Hintergrund
Optikkonzern Zeiss im Aufwind

Der Zeiss-Konzern ist nach der Krise in den 90er Jahren und der schwierigen "Wiedervereinigung" mit dem Stammhaus in Jena wirtschaftlich weiter im Aufwind.

dpa-afx JENA. Der Umbau der Optik- und Elektronikgruppe mit 13 000 Beschäftigten sei abgeschlossen, die Integration der Thüringer Tochter geglückt, sagte Vorstandssprecher Dieter Kurz am Mittwoch zum zehnjährigen Jubiläum in Jena. Nach Erlösen von 2 Mrd. ? (3,9 Mrd. DM) und einem Überschuss von 53 Mill. ? im Vorjahr steigen die Ergebnisse im laufenden Geschäftsjahr (30. September) trotz konjunktureller Abkühlung an. In den ersten zehn Monaten legte der Umsatz bei besseren Erträgen 11 % zu, beim Auftragseingang beträgt das Plus 6 %.

Kurz sprach von einer Renaissance der Optik und kündigte am 1. Oktober die Umwandlung der Halbleitertechnik-Sparte in Oberkochen, Jena und Wetzlar in eine Aktiengesellschaft an. Renaissance passt auch auf die Carl Zeiss Jena GmbH, die seit Herbst 1991 zum Konzern gehört. Denn die Familienzusammenführung der wegen Namensrechten zerstrittenen und vier Jahrzehnte konkurrierenden Zeiss-Zwillinge in Thüringen und Baden-Württemberg verlief turbulent. Die Traditionsfirma im Osten, vor über 150 Jahren vom Mechaniker Carl Zeiss in Jena gegründet, hatte einen schlechten Neustart. Sie wurde nach Massenentlassungen aus Teilen des konkursreifen DDR Zeiss- Kombinats gegründet. Geschäftsführer Franz von Falkenhausen sprach im Rückblick von einem "großen unternehmerischen Abenteuer".

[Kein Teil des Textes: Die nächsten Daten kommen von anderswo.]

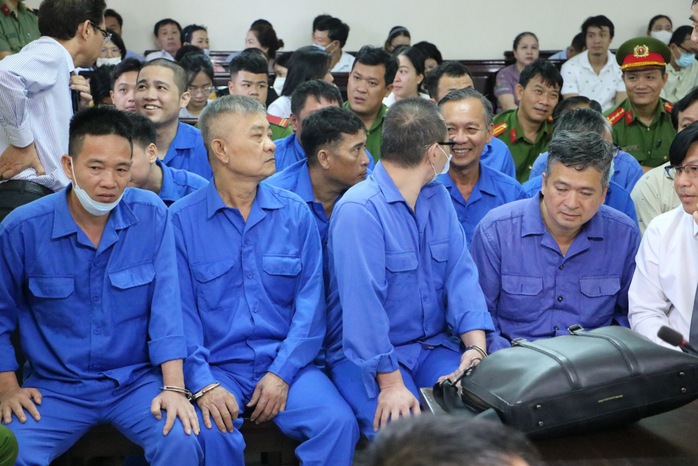 Cấm đi khỏi nơi cư trú đối với giám đốc Chi nhánh Công ty CP đóng tàu Đại Phú Thành- Ảnh 1. Cấm đi khỏi nơi cư trú đối với giám đốc Chi nhánh Công ty CP đóng tàu Đại Phú Thành- Ảnh 1.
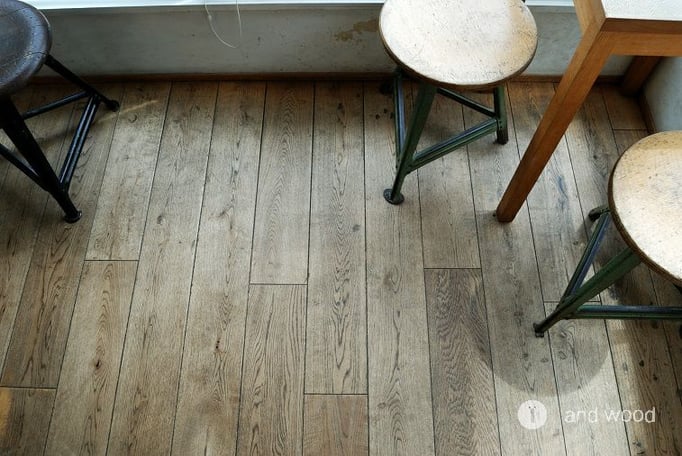 オーク 幅広 フローリング 無垢 アンティーク アンドウッド andwood 店舗 施工例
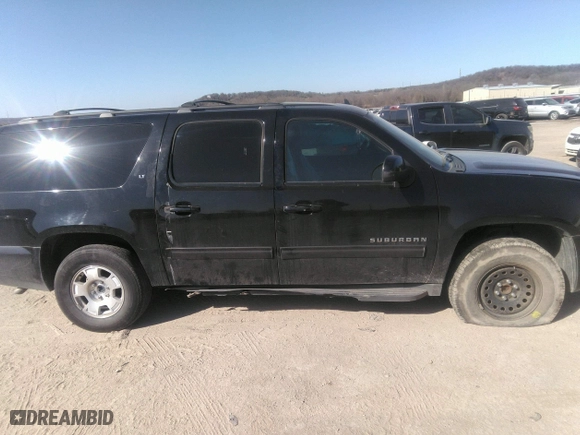 2012 Chevrolet Suburban LT with VIN 1GNSCJE07CR273166, listed as a IAAI auction lot 41782587 with 271,456 mi miles. Bid and sale history available at carsss.com. Image 14.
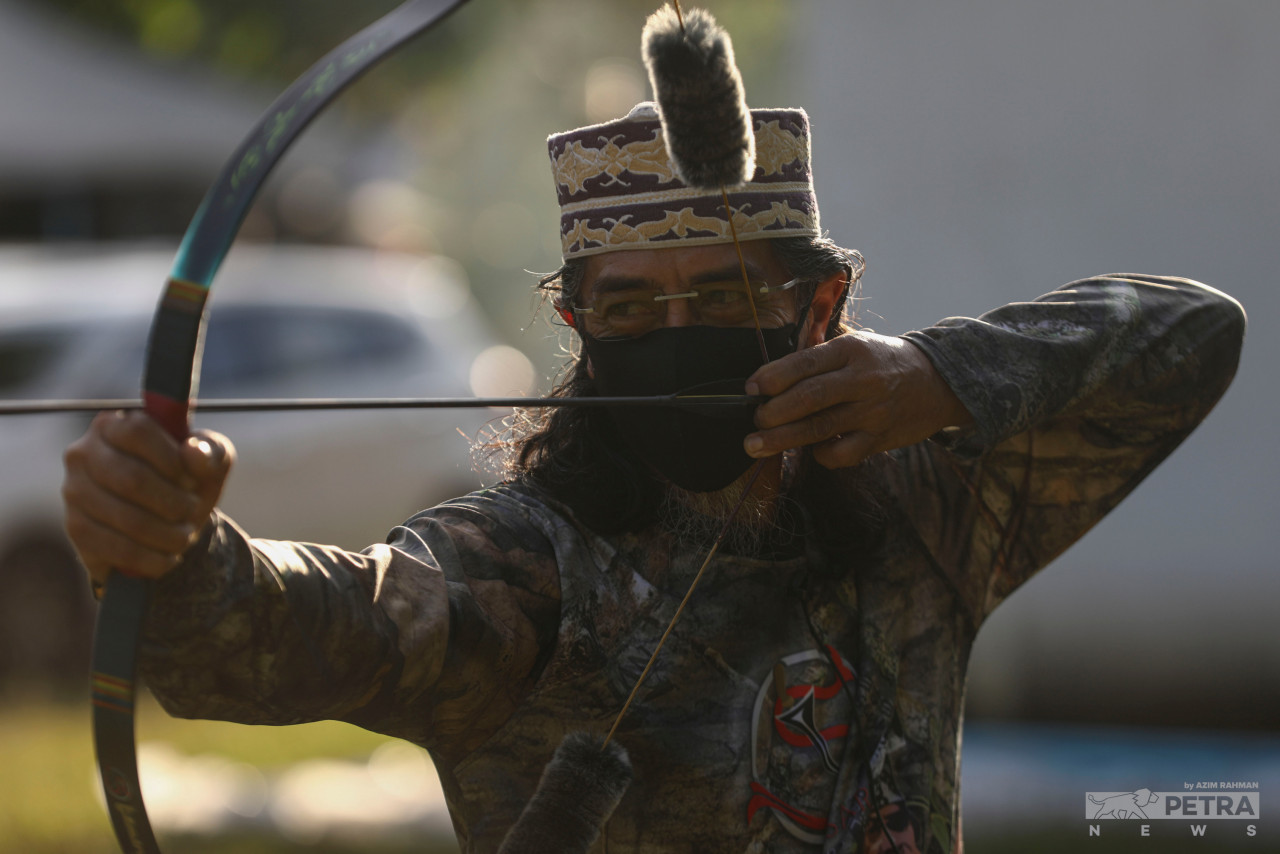 The Vibes speaks to master craftsman Sufyan Mohd Salleh behind Taming Sari Archery at his home and workshop in Durian Tunggal, Melaka to discover the fascination of an ancient practice and how it has kept hold in the hearts of men. – AZIM RAHMAN/The Vibes pic, January 8, 2023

Zeiss Jena - Vom "Sorgenkind" zur vorzeigbaren Tochter

Vom "Sorgenkind" entwickelte sich der Betrieb in Jena zur vorzeigbaren Konzerntochter, die im vergangenen Jahr erstmals schwarze Zahlen ablieferte. "Der Standort ist momentan der mit dem stärksten Wachstum der Zeiss-Gruppe", lobte Vorstandschef Kurz. Im laufenden Geschäftsjahr sollen erstmals über 250 Mill. ? umgesetzt werden. Das Betriebsergebnis wird sich von 5 auf 19 Mill. ? verbessern. 1 700 Fachleute - 300 mehr als vor einem Jahr - bauen Mikroskope, Geräte für Augenärzte, Planetarien und optische Systeme für die Halbleiterindustrie.

Der Weg zum wirtschaftlichen Erfolg "kostete mehr Geld und dauerte länger als angenommen", resümierten die Manager. Die Zeiss-Erben in Ost und West taten sich schwer unter einem Dach. "In den ersten Jahren wurde munter das gleiche Sortiment produziert. Wir waren Konkurrenten in einem Haus", erinnert sich ein Arbeiter.

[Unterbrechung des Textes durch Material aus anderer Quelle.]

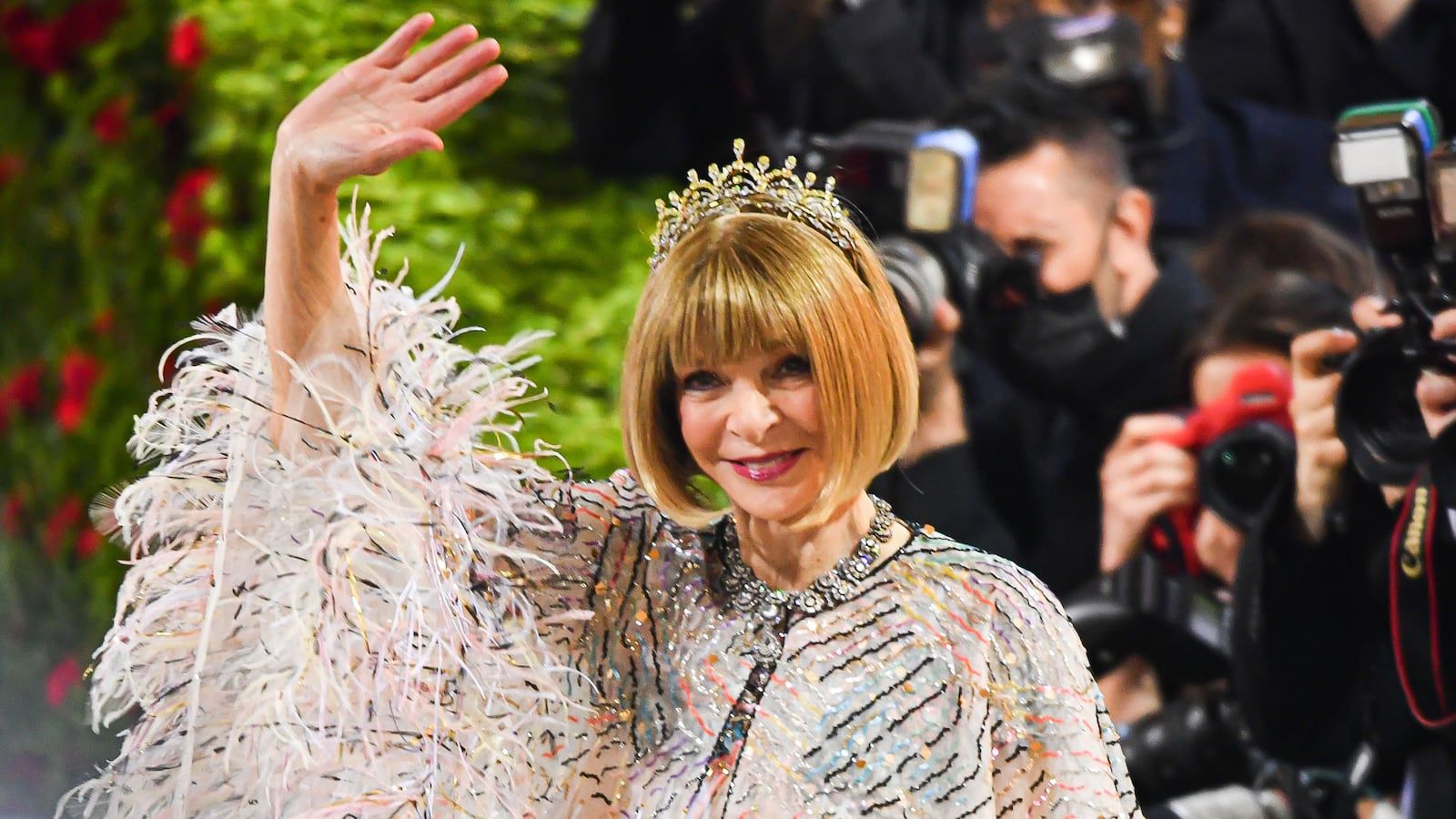 1600x900 Anna Wintour, Steps Down From Top Role at US Vogue in Shock Move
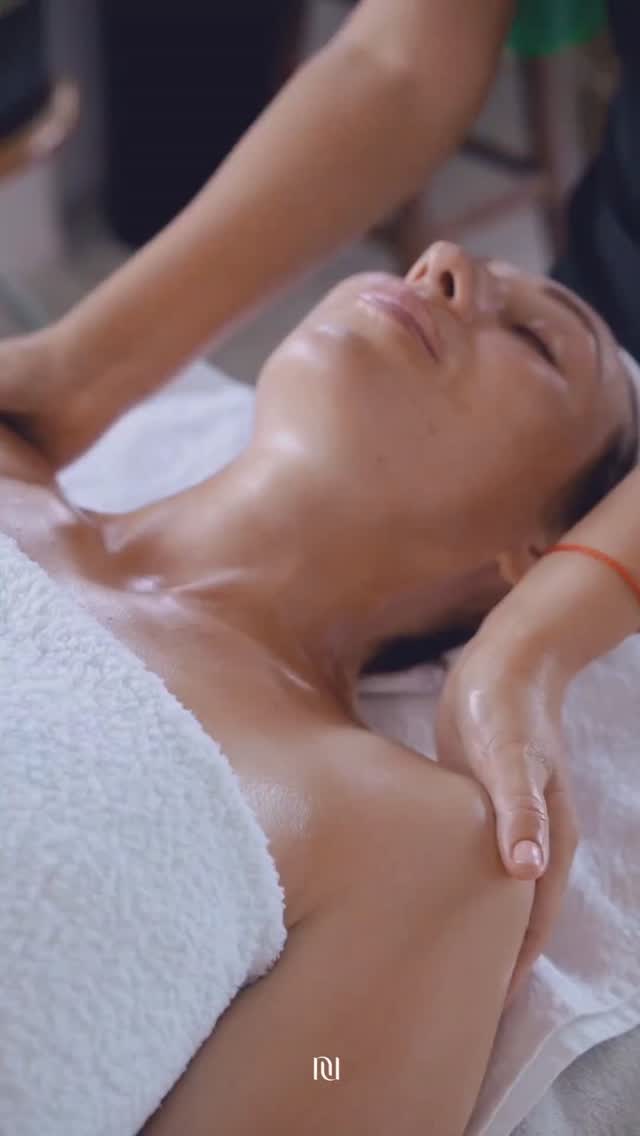 Cet hiver plongez dans l'univers Purnam. Trois expériences bien-être en partenariat avec la marque @soin_de_soi
❄️L'aurore (75 min) massage du dos et Soin du visage holistique Soin de Soi
❄️Le Calme (90 min) le grand Soin du visage holistique Soin de Soi
❄️L'intérieur (120 min) gommage corps, massage du corps et Soin du visage Holistique Soin de Soi.
Vous souhaitez prendre rendez-vous ou offrir ces soins en carte cadeau, rendez-vous en bio pour accéder au site internet.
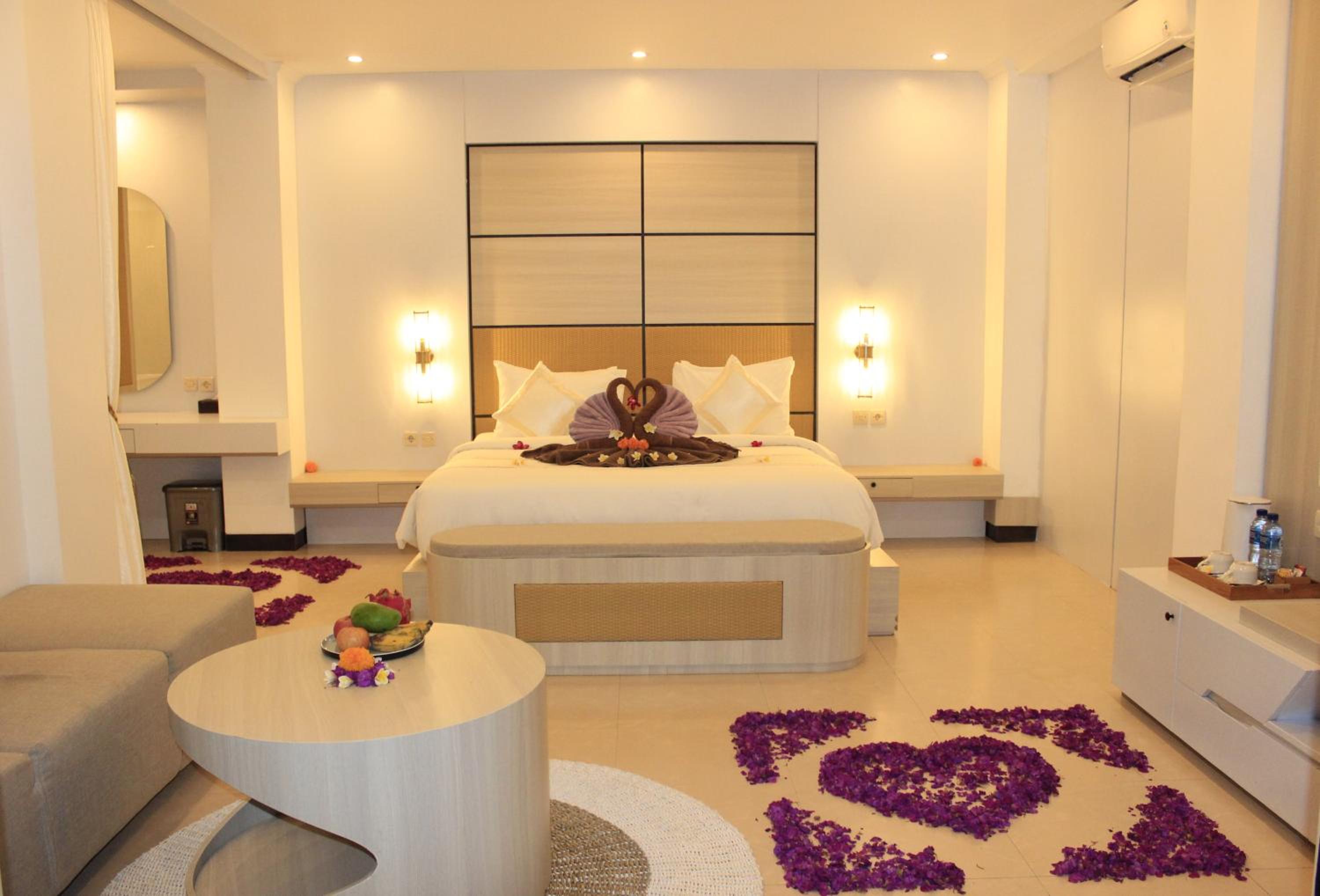 Junior Suite with Ocean View - Photo 20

Die "Treuhand-Mitgift" von knapp rund 300 Mill. ? war schnell zum Verlustausgleich aufgebraucht. Die Wende kam 1994/95. Nach Umsatz- und Ertragseinbrüchen wurde ein Restrukturierunskonzept mit dem Abbau von 3 000 Stellen im Konzern beschlossen. Mit 3 000 Beschäftigten gestartet, wurde die Belegschaft in Jena auf knapp 1 500 reduziert. Gleichzeitig erhielt das einstige Stammhaus die Verantwortung für mehrere Geschäftsfelder. Seit 1995 wurden allein 170 Mill. ? in die Forschung investiert.